ACTION ITEM: Reproduce the entries that follow precisely, setting aside any images.

EXERCISE MATERIALS:
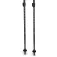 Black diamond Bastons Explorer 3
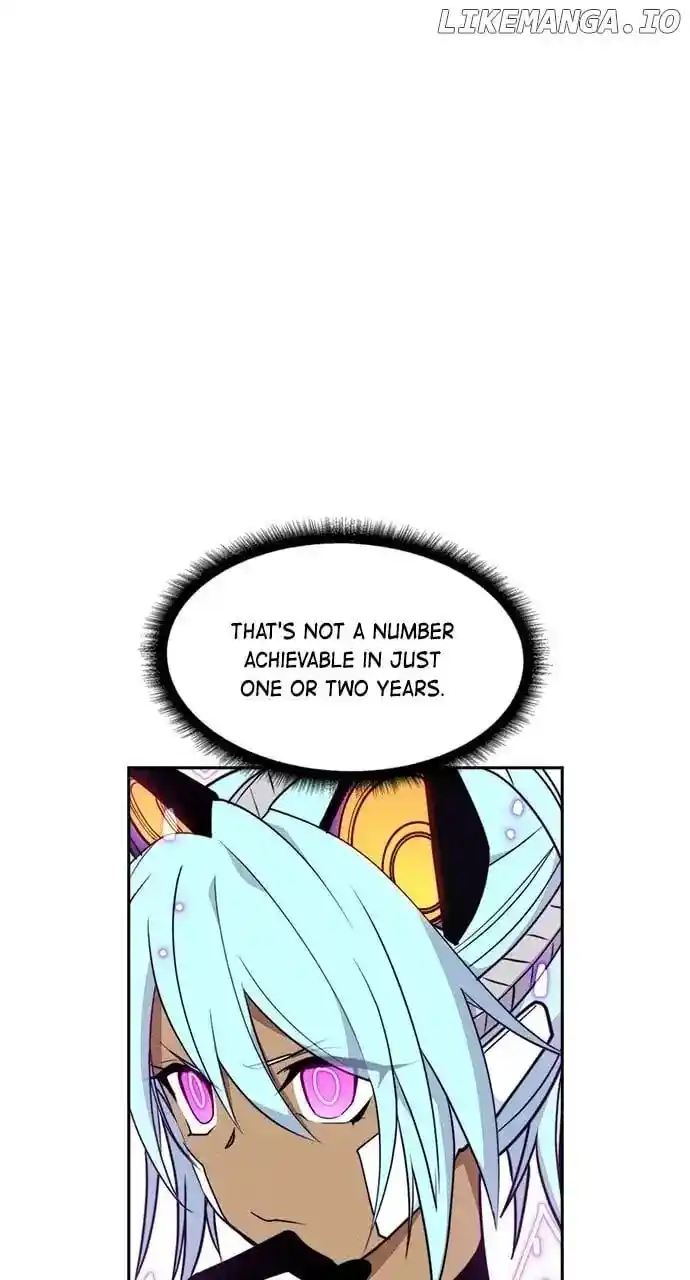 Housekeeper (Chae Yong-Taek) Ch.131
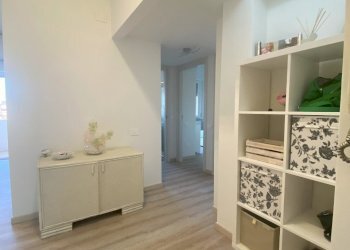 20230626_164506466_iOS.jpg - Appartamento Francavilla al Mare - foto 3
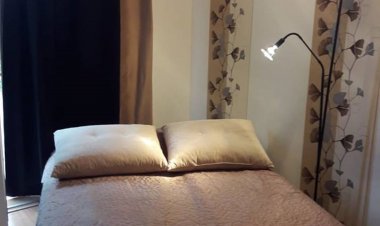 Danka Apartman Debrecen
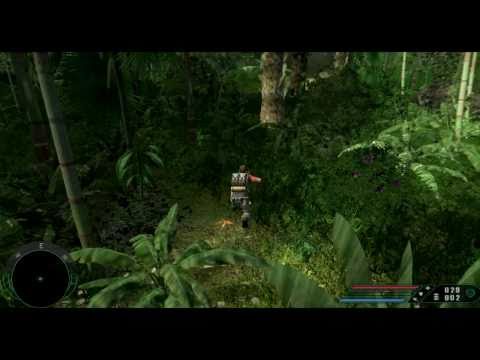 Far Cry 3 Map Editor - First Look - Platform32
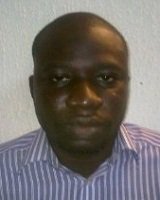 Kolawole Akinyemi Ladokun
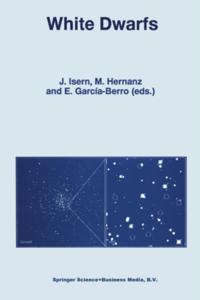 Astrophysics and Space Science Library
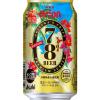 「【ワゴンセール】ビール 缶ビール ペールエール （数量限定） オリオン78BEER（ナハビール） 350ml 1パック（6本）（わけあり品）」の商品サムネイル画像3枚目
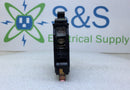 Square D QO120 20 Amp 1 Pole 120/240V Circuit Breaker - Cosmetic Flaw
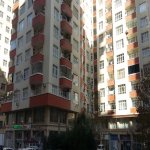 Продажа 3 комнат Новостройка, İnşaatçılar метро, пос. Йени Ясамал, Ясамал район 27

ANSWER TO THIS EXERCISE:
 Black diamond Bastons Explorer 3
 Housekeeper (Chae Yong-Taek) Ch.131
 20230626_164506466_iOS.jpg - Appartamento Francavilla al Mare - foto 3
 Danka Apartman Debrecen
 Far Cry 3 Map Editor - First Look - Platform32
 Kolawole Akinyemi Ladokun
 Astrophysics and Space Science Library
 「【ワゴンセール】ビール 缶ビール ペールエール （数量限定） オリオン78BEER（ナハビール） 350ml 1パック（6本）（わけあり品）」の商品サムネイル画像3枚目
 Square D QO120 20 Amp 1 Pole 120/240V Circuit Breaker - Cosmetic Flaw
 Продажа 3 комнат Новостройка, İnşaatçılar метро, пос. Йени Ясамал, Ясамал район 27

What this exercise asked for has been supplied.